Senator Challenges Legality of Secretive White House Phone Surveillance Program

A recently revealed surveillance program, known as Data Analytical Services (DAS), is under scrutiny as US Senator Ron Wyden questions its legality in a letter addressed to the Department of Justice (DOJ). According to information obtained by WIRED, the DAS program, formerly known as Hemisphere, has been operational for over a decade, allowing law enforcement agencies at federal, state, and local levels to analyze more than a trillion domestic phone records annually.

Operated in collaboration with telecom giant AT&T, the DAS program employs chain analysis, targeting not only individuals in direct contact with criminal suspects but also anyone connected to these individuals. AT&T, utilizing its extensive infrastructure across the United States, captures and analyzes call records for various law enforcement agencies, with the White House reportedly allocating over $6 million to support the program.

Senator Wyden, expressing “serious concerns about the legality” of DAS, highlights troubling information received from the DOJ, deemed “sensitive but unclassified.” This information, while posing no national security risk, is restricted from public disclosure. In a letter to US Attorney General Merrick Garland, Wyden emphasizes the potential outrage such revelations might generate among Americans and Congress members.

AT&T spokesperson Kim Hart Jonson declined to comment on the DAS program, stating the company’s obligation to comply with lawful subpoenas. Notably, there is no legal requirement for AT&T to retain decades’ worth of Americans’ call records for law enforcement purposes. Documents reveal AT&T’s participation in law enforcement conferences to train officials on utilizing the company’s voluntary assistance.
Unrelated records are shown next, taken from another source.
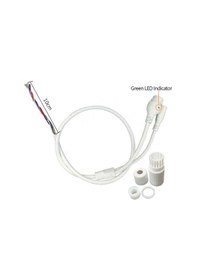 Resim Wozlo Ledli 9 Pinli IP Kamera Kablosu 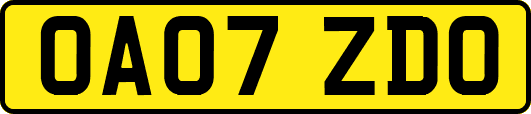 OA07ZDO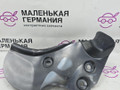 щиток, защищающий от ударов камней BMW X5 F15 2014, 3.0 л., N57 D30 A, дизель, АКПП, mineralweiss metallic (a96), полный привод, правый руль, 33316782522, 6782522 - фото №4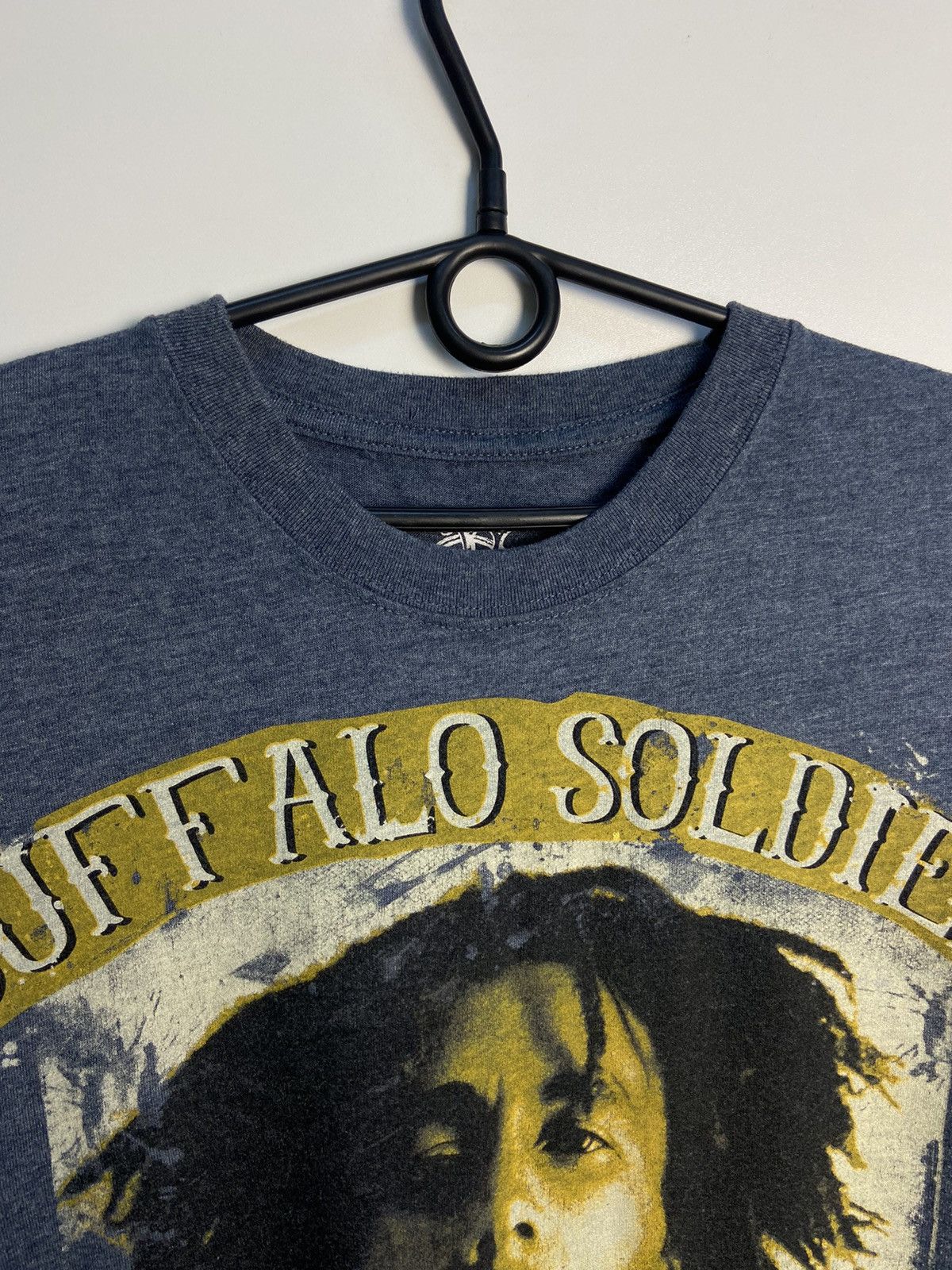 Band Tees × Bob Marley × Vintage 2011 Vintage Bob Marley T-Shirt XL Size Size US XL / EU 56 / 4 - 7 Thumbnail
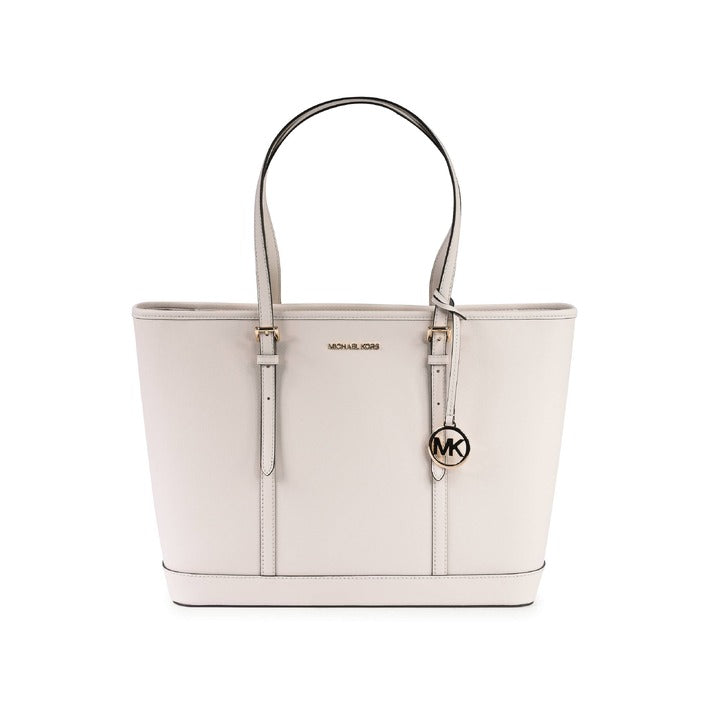 Michael Kors - Michael Kors Damen Handtaschen 35F0GTVT9L_LT CREME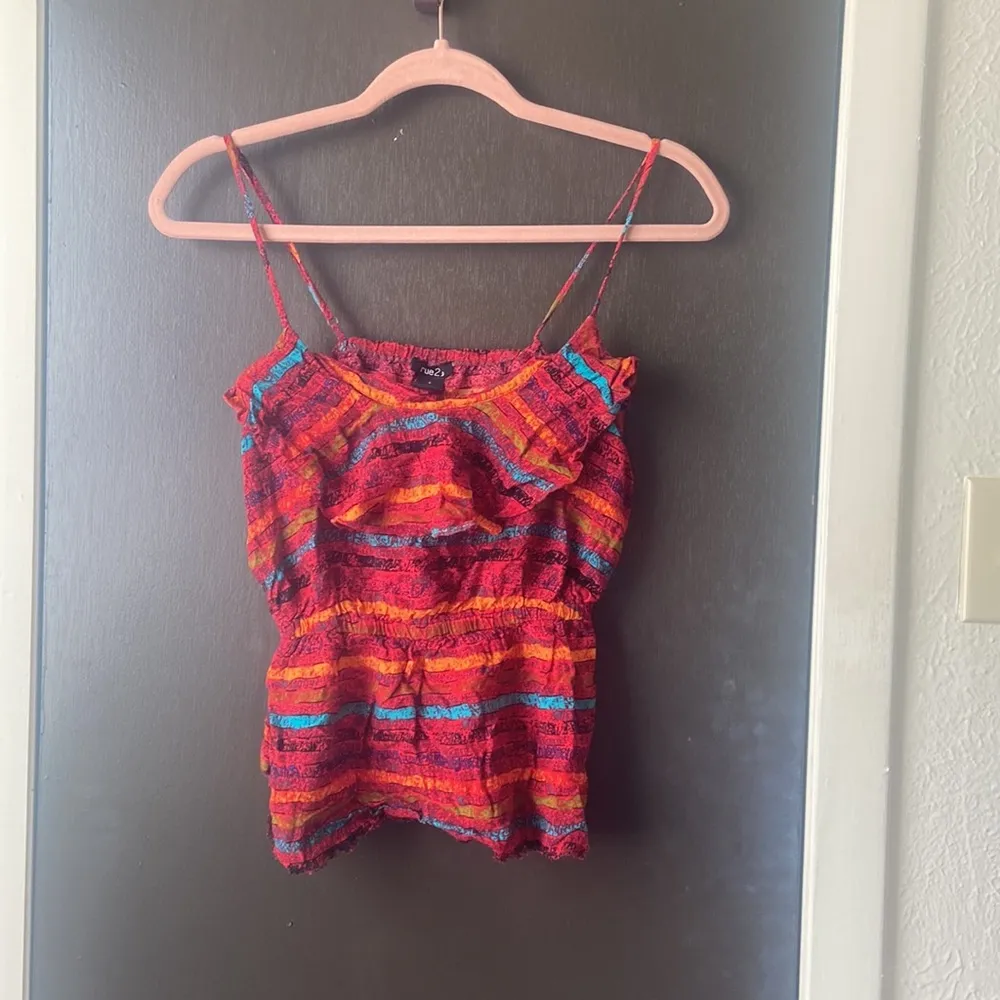 Rue 21 Festive top - Image 12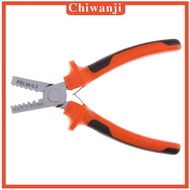 [Chiwanji] Crimping Tools Electrical Wire Pliers Crimper DIY Tool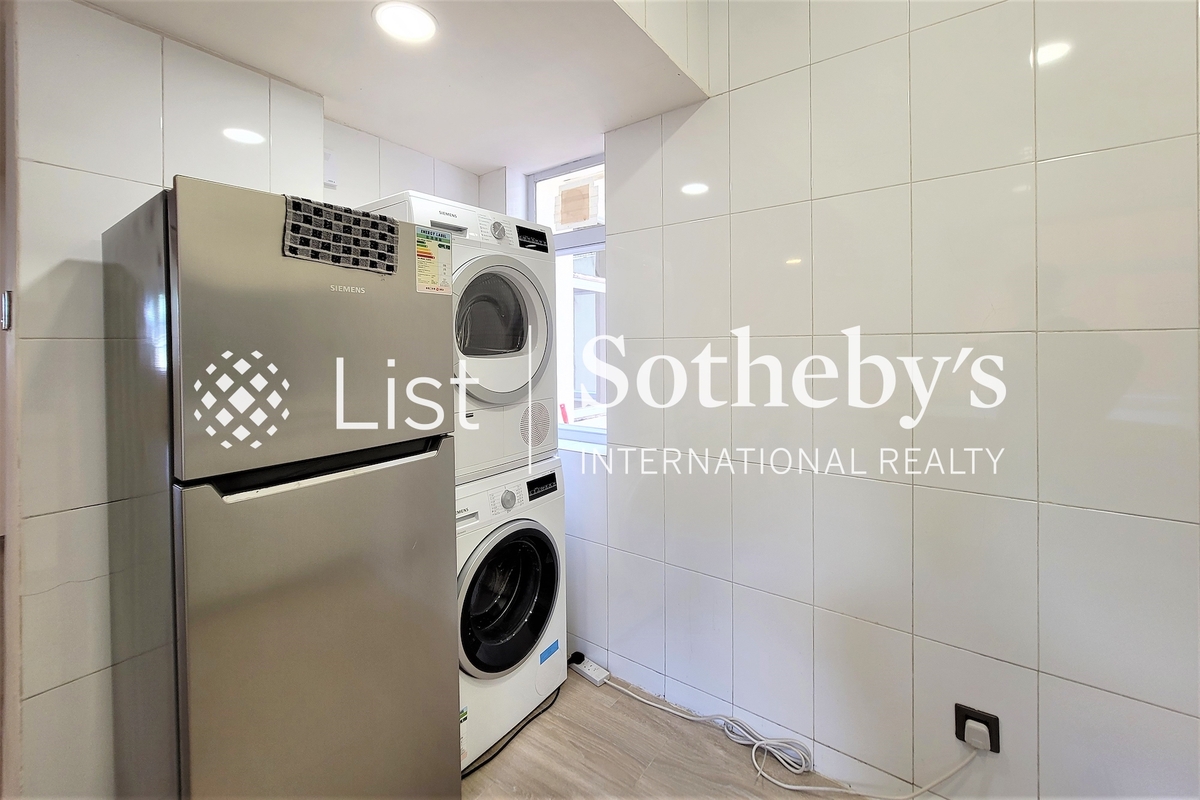 1-1A Sing Woo Crescent 成和坊1-1A號 | Open Kitchen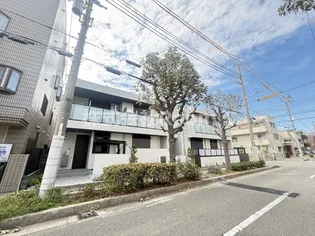 【ペット共生・ZEHマンション】オークメゾン加美・旭化成ヘーベルメゾン【1階】の外観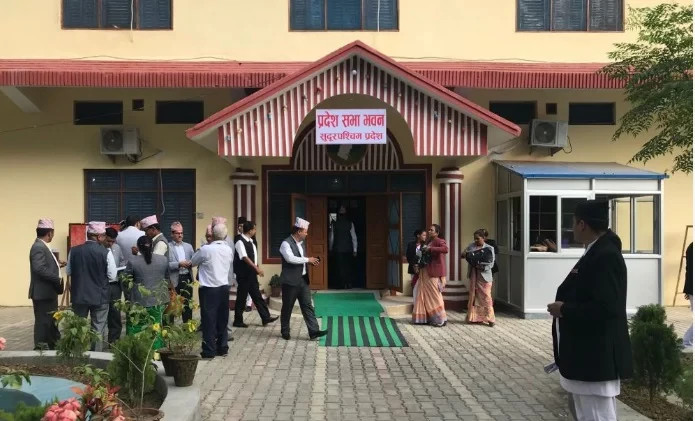 सुदूरपश्चिमको नीति तथा कार्यक्रम स्वीकृत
A review of law enforcement data, previously leaked by the transparency collective Distributed Denial of Secrets, exposes extensive monitoring practices. While DAS is nominally focused on drug trafficking, documents reveal requests for data unrelated to drugs, including unsolved cases. Examples include officers seeking a “Hemisphere analysis” to identify a suspect’s phone number by analyzing calls from close friends and requests to identify victims and material witnesses in unrelated cases.